=== WHAT IS BEING ASKED ===
A word-for-word copy of the lines below, starting at the line with "MS license plate YTV099" and ending at the last one, is what you should give. Omit every picture.

··· DATA FOR THE TASK

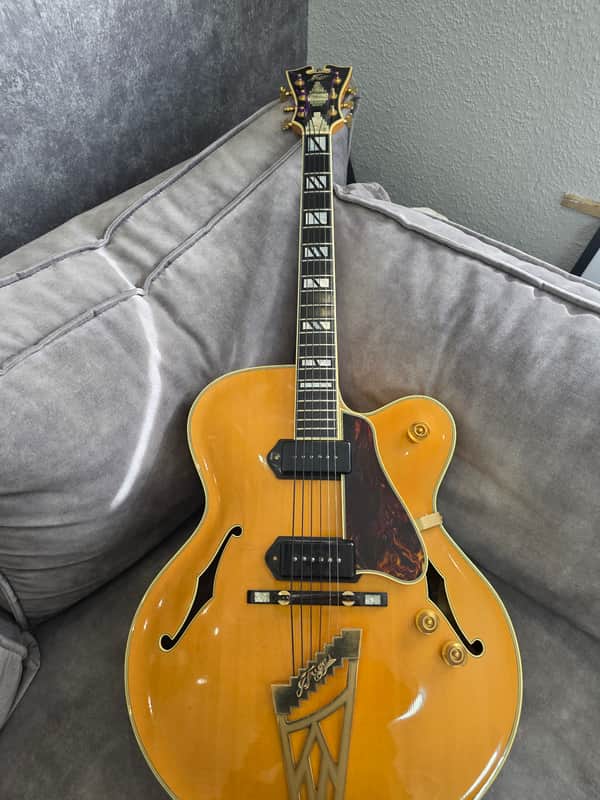 Jim Triggs 18" New Yorker Special Cutaway 1998 - Blonde image 1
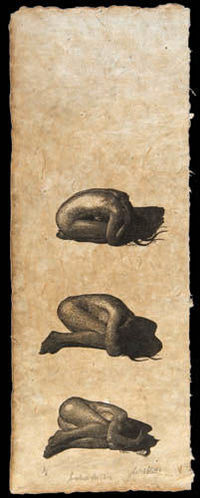 Medusa Variation 3-2, Holzschnitt 2007, (ca. 69 x 25 cm)…
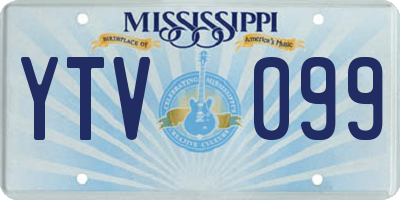 MS license plate YTV099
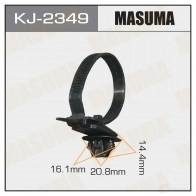 Клипса пластиковая MASUMA B 0OQHZ 1422884712 KJ-2349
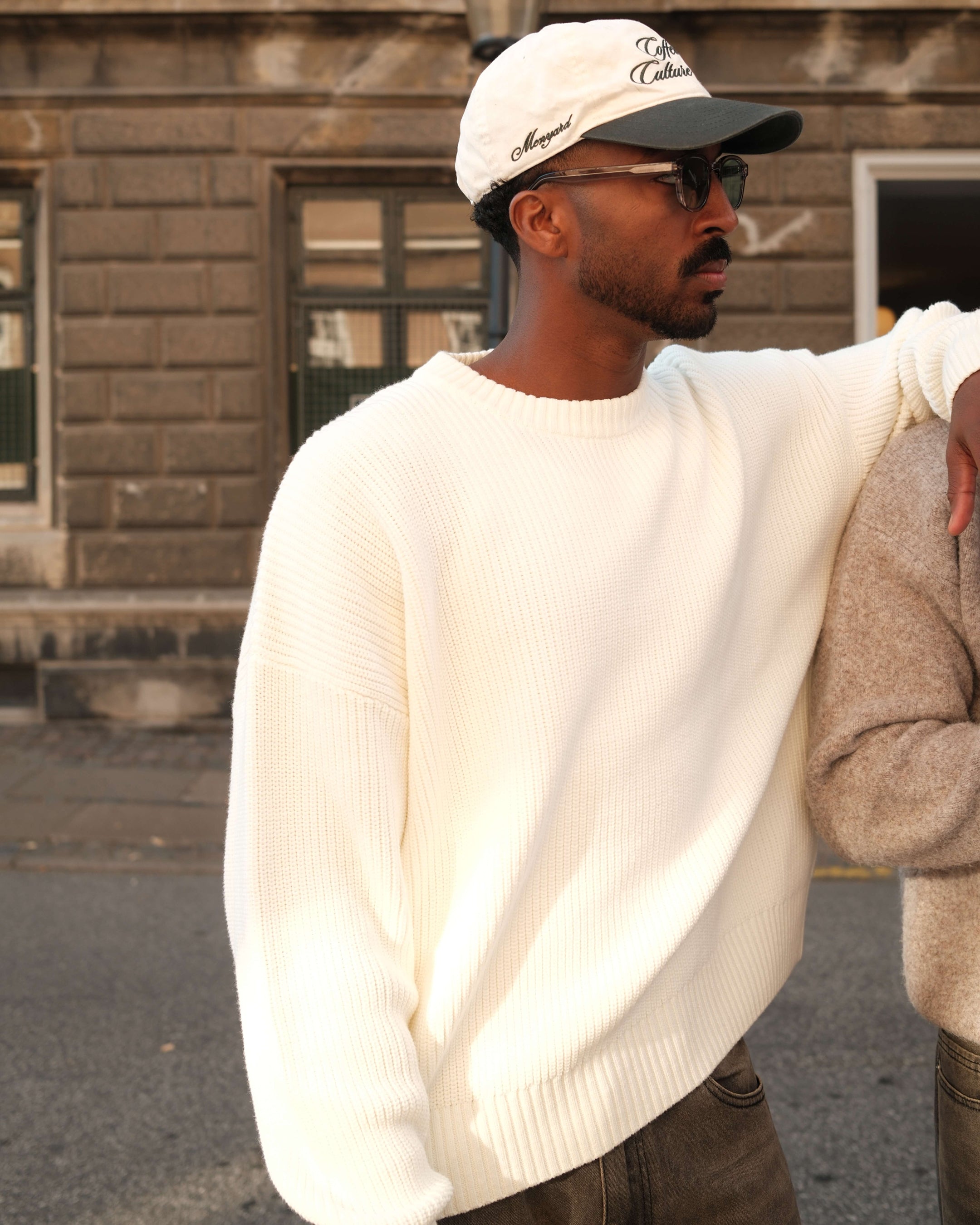 Emilian Oversized Cotton Boxy Sweater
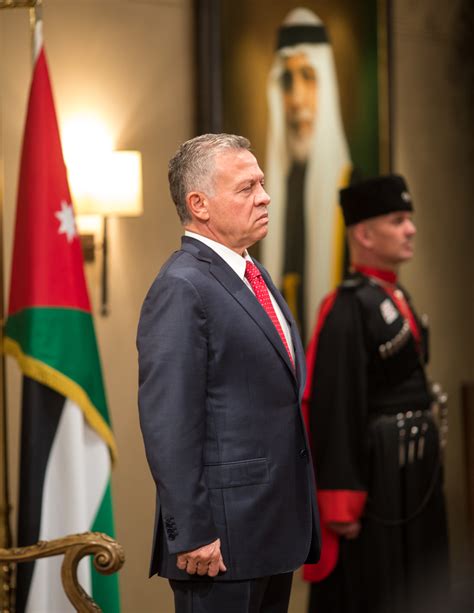 His Majesty King Abdullah Ii Swears In The New Cabinet At Al Husseiniya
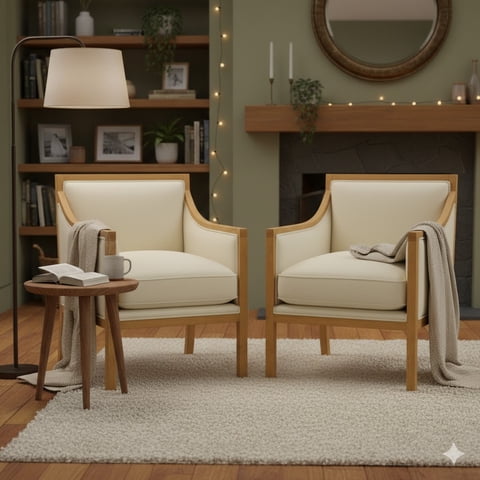 Sitial Home - Juego De Sitiales George Beige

······

=== SOLUTION FOR THIS EXERCISE ===
 MS license plate YTV099
 Клипса пластиковая MASUMA B 0OQHZ 1422884712 KJ-2349
 Emilian Oversized Cotton Boxy Sweater
 His Majesty King Abdullah Ii Swears In The New Cabinet At Al Husseiniya
 Sitial Home - Juego De Sitiales George Beige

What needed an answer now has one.